_DIRECTIONS:_
Up through the line that contains "Pochette à livres", retype the entries exactly, beginning at the very first line.

[Caption-style text data]
####

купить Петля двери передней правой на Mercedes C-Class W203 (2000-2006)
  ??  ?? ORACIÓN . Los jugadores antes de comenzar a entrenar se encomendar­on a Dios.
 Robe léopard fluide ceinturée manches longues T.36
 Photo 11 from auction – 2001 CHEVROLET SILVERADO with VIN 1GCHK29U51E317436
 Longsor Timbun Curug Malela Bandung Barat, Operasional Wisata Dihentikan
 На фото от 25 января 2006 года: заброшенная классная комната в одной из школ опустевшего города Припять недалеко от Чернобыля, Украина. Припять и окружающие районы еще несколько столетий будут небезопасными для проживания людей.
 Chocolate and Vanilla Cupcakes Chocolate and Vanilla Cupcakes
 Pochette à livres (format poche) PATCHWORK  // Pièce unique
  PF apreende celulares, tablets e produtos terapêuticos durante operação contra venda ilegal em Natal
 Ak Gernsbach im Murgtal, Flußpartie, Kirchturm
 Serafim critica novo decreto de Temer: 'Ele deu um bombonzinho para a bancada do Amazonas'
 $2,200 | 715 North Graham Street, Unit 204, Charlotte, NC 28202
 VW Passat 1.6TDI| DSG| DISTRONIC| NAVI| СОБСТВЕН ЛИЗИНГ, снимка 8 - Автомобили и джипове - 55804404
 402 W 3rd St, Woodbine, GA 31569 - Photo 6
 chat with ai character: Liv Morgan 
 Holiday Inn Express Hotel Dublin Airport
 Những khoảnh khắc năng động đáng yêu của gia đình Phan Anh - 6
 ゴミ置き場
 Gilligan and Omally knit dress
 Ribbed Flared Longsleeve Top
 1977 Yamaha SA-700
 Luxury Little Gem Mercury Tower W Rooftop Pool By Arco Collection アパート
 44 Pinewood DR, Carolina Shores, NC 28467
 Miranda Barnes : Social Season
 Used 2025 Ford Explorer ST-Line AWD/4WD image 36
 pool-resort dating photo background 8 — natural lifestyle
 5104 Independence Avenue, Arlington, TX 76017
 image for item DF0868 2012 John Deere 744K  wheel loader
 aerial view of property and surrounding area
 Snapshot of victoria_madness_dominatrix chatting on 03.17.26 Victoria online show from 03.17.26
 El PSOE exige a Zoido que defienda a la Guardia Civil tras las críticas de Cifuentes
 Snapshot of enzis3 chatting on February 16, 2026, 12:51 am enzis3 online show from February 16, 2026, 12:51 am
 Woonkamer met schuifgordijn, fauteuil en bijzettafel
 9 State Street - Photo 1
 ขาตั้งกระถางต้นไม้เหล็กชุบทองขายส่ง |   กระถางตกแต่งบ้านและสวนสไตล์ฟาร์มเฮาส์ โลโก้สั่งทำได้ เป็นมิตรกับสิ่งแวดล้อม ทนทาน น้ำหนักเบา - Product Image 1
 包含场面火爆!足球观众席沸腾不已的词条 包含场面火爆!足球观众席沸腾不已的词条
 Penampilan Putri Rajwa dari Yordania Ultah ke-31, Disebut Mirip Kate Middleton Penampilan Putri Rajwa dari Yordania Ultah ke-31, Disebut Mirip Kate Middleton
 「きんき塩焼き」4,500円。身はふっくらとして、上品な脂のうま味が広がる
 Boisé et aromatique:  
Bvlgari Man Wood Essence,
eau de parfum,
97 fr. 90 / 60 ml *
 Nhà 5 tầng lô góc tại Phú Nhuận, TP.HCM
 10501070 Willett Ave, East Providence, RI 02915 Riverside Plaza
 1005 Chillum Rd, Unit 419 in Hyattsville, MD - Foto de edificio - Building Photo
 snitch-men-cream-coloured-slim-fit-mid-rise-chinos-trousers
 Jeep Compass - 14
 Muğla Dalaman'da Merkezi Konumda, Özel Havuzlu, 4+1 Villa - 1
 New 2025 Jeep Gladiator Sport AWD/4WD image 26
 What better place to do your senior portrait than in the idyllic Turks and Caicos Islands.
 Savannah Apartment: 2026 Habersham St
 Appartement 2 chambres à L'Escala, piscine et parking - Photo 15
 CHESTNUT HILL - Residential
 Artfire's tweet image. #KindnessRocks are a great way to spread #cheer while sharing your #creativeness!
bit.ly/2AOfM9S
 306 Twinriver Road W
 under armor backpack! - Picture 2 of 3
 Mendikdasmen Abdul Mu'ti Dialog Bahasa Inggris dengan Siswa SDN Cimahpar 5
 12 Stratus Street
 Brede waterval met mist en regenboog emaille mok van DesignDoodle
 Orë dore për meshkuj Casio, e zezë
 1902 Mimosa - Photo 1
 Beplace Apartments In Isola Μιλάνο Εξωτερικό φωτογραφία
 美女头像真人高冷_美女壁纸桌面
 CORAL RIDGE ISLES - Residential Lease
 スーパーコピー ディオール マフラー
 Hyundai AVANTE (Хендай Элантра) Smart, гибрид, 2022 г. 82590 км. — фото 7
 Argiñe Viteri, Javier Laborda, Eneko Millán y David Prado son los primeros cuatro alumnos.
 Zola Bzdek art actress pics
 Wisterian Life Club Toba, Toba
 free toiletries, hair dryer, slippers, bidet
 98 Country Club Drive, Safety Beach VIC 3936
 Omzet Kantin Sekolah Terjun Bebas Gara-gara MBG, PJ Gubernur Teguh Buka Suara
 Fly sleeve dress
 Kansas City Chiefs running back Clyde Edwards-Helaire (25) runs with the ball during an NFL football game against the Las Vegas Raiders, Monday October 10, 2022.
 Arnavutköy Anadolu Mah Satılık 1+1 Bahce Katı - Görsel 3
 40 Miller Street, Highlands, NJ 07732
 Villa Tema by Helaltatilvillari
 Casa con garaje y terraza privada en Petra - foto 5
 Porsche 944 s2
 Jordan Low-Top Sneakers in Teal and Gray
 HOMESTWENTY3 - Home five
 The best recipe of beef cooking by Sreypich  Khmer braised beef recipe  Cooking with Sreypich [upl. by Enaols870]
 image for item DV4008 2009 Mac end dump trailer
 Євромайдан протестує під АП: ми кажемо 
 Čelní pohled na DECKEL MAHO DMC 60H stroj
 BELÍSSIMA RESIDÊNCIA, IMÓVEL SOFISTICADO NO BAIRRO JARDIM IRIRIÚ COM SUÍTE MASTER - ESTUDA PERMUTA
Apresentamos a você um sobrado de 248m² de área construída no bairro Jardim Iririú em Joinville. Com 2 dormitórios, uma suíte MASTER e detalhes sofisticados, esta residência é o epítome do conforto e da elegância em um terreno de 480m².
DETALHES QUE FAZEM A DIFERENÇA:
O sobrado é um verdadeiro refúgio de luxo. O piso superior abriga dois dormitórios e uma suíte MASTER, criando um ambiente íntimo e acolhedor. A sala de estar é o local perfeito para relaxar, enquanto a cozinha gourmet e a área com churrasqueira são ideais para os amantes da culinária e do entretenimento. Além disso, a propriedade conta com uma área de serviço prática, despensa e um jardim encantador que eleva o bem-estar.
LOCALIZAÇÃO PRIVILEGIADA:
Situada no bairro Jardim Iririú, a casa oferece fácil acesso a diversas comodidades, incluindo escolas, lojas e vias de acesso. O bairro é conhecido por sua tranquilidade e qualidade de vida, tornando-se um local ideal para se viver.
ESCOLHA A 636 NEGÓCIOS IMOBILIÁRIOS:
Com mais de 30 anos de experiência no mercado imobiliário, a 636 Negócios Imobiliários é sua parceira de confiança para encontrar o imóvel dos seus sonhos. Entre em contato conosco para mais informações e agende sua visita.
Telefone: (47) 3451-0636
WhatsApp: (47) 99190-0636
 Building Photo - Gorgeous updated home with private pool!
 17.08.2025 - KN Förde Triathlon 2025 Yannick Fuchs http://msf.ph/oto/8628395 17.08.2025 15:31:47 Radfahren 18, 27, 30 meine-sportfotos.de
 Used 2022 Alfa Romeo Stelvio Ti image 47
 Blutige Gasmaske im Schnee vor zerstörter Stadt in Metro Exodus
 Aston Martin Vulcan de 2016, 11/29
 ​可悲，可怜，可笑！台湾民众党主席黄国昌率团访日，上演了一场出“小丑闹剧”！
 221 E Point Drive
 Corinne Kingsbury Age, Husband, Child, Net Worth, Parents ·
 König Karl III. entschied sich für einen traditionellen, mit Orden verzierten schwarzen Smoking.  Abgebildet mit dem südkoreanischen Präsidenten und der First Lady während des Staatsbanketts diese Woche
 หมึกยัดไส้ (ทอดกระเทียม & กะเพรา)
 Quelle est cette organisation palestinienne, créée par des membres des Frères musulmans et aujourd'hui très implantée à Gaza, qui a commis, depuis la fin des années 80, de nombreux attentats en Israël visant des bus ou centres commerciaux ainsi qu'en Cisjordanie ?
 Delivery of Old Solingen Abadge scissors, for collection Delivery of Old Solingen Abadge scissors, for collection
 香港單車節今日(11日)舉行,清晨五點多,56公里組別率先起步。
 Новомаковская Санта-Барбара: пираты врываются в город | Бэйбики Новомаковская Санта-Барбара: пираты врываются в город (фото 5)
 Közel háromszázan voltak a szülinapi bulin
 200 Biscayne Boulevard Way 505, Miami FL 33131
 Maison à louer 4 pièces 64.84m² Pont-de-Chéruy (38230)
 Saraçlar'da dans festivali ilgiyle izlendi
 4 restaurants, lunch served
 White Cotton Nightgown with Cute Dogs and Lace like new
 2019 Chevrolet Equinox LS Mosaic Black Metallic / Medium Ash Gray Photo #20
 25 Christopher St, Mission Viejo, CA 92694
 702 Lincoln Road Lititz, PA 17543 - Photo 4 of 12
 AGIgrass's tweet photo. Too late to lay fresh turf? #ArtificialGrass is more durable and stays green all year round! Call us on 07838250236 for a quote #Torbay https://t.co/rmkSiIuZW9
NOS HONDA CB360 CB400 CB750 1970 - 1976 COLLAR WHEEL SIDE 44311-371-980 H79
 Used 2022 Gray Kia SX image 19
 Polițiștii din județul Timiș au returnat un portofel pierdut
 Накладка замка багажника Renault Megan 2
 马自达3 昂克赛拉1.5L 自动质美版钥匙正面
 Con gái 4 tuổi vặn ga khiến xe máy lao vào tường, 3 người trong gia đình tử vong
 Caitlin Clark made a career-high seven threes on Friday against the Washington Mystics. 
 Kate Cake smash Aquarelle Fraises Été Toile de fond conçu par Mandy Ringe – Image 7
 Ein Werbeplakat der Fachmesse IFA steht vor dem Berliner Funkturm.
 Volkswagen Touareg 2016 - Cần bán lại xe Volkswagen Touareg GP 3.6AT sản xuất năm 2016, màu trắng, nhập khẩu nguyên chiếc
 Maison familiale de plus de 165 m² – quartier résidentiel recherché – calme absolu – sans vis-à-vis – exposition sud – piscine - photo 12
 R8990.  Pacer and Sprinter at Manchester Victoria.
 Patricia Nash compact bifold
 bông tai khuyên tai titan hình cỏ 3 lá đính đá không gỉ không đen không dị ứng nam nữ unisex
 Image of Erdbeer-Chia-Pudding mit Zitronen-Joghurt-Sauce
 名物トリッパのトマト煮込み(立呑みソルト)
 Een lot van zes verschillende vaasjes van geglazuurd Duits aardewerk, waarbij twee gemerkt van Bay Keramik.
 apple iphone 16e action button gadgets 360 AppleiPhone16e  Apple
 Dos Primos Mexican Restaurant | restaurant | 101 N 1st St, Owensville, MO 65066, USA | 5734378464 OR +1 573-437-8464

####

_PROBLEM SOLUTION:_
купить Петля двери передней правой на Mercedes C-Class W203 (2000-2006)
  ??  ?? ORACIÓN . Los jugadores antes de comenzar a entrenar se encomendar­on a Dios.
 Robe léopard fluide ceinturée manches longues T.36
 Photo 11 from auction – 2001 CHEVROLET SILVERADO with VIN 1GCHK29U51E317436
 Longsor Timbun Curug Malela Bandung Barat, Operasional Wisata Dihentikan
 На фото от 25 января 2006 года: заброшенная классная комната в одной из школ опустевшего города Припять недалеко от Чернобыля, Украина. Припять и окружающие районы еще несколько столетий будут небезопасными для проживания людей.
 Chocolate and Vanilla Cupcakes Chocolate and Vanilla Cupcakes
 Pochette à livres (format poche) PATCHWORK  // Pièce unique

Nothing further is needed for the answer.